[Data under study — start]

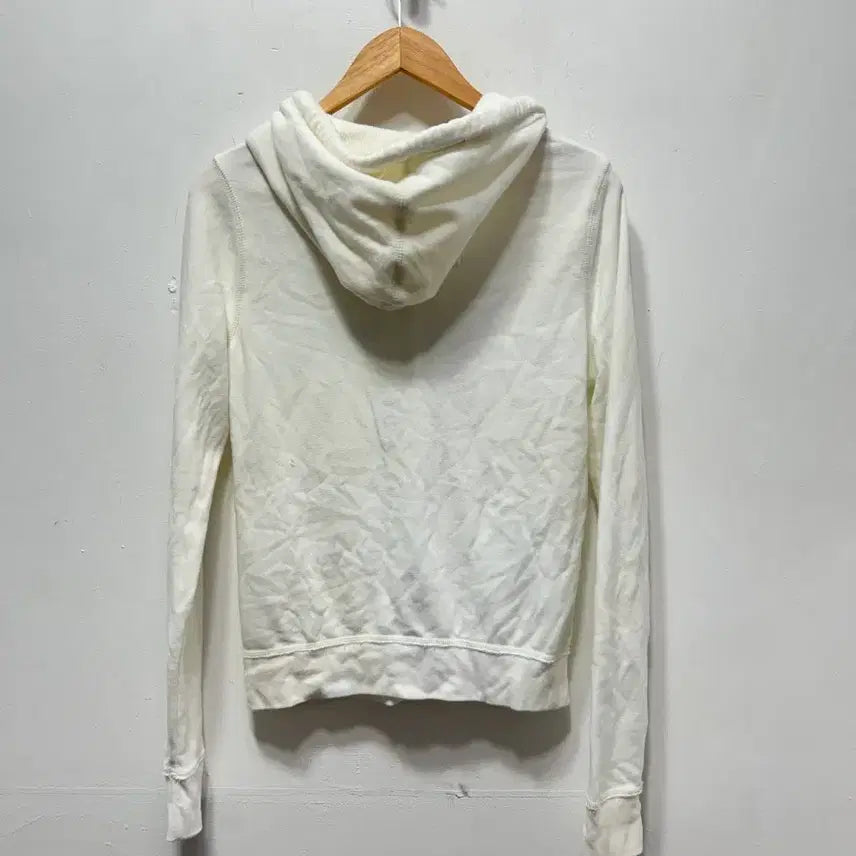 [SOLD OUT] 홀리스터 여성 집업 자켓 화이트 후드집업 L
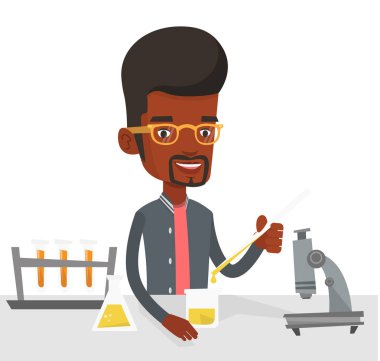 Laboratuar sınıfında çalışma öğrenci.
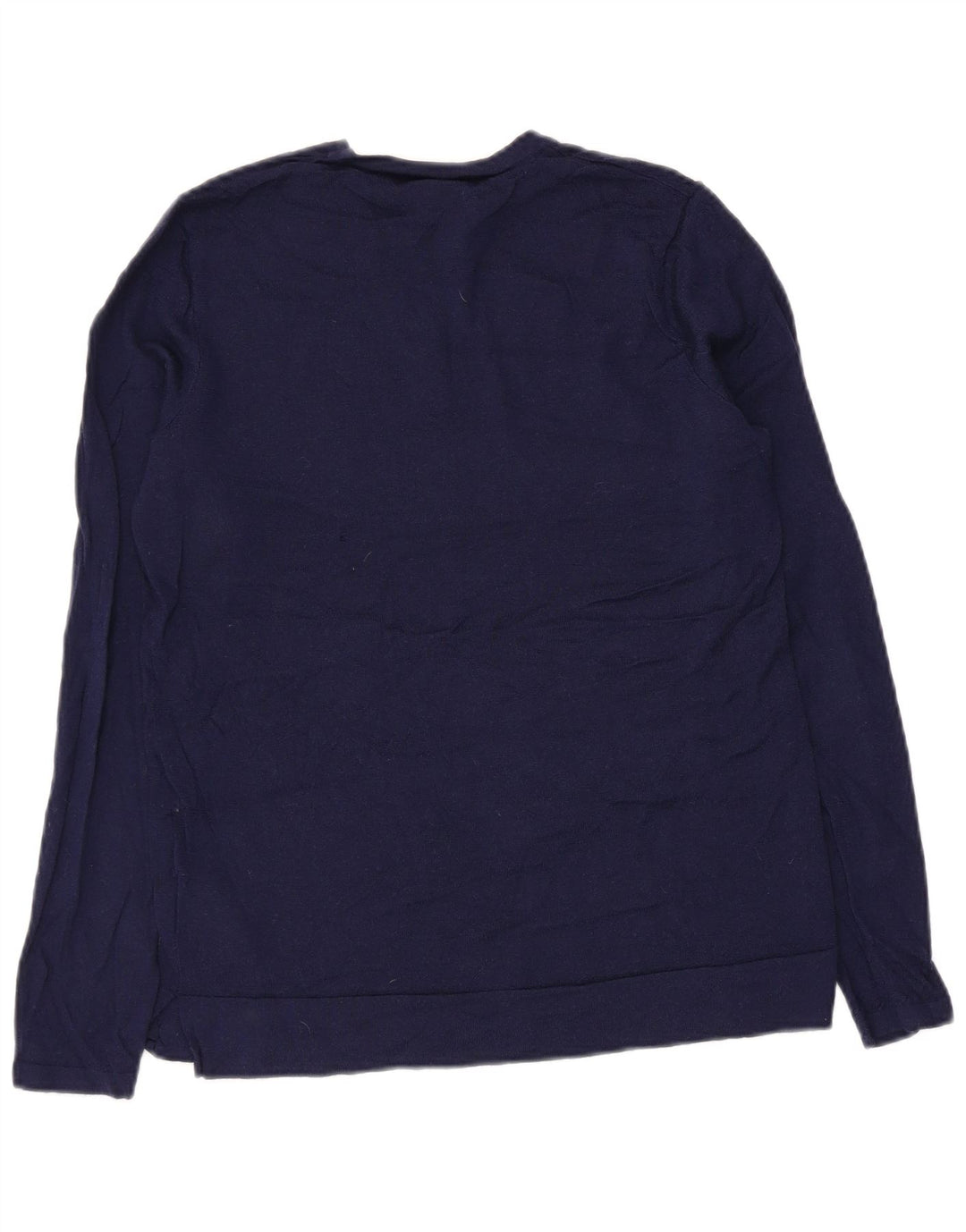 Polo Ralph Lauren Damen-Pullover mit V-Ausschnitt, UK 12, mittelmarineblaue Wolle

[Data under study — finish]
[Data under study — start]

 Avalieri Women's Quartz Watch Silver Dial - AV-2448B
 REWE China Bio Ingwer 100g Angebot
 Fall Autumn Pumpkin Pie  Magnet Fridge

[Data under study — finish]

## What this task involves
Everything above from the line with "[SOLD OUT] 홀리스터 여성 집업 자켓 화이트 후드집업 L" through the line with "Polo Ralph Lauren" should be retyped exactly, and nothing else; omit pictures.

## Output
 [SOLD OUT] 홀리스터 여성 집업 자켓 화이트 후드집업 L
 Laboratuar sınıfında çalışma öğrenci.
 Polo Ralph Lauren Damen-Pullover mit V-Ausschnitt, UK 12, mittelmarineblaue Wolle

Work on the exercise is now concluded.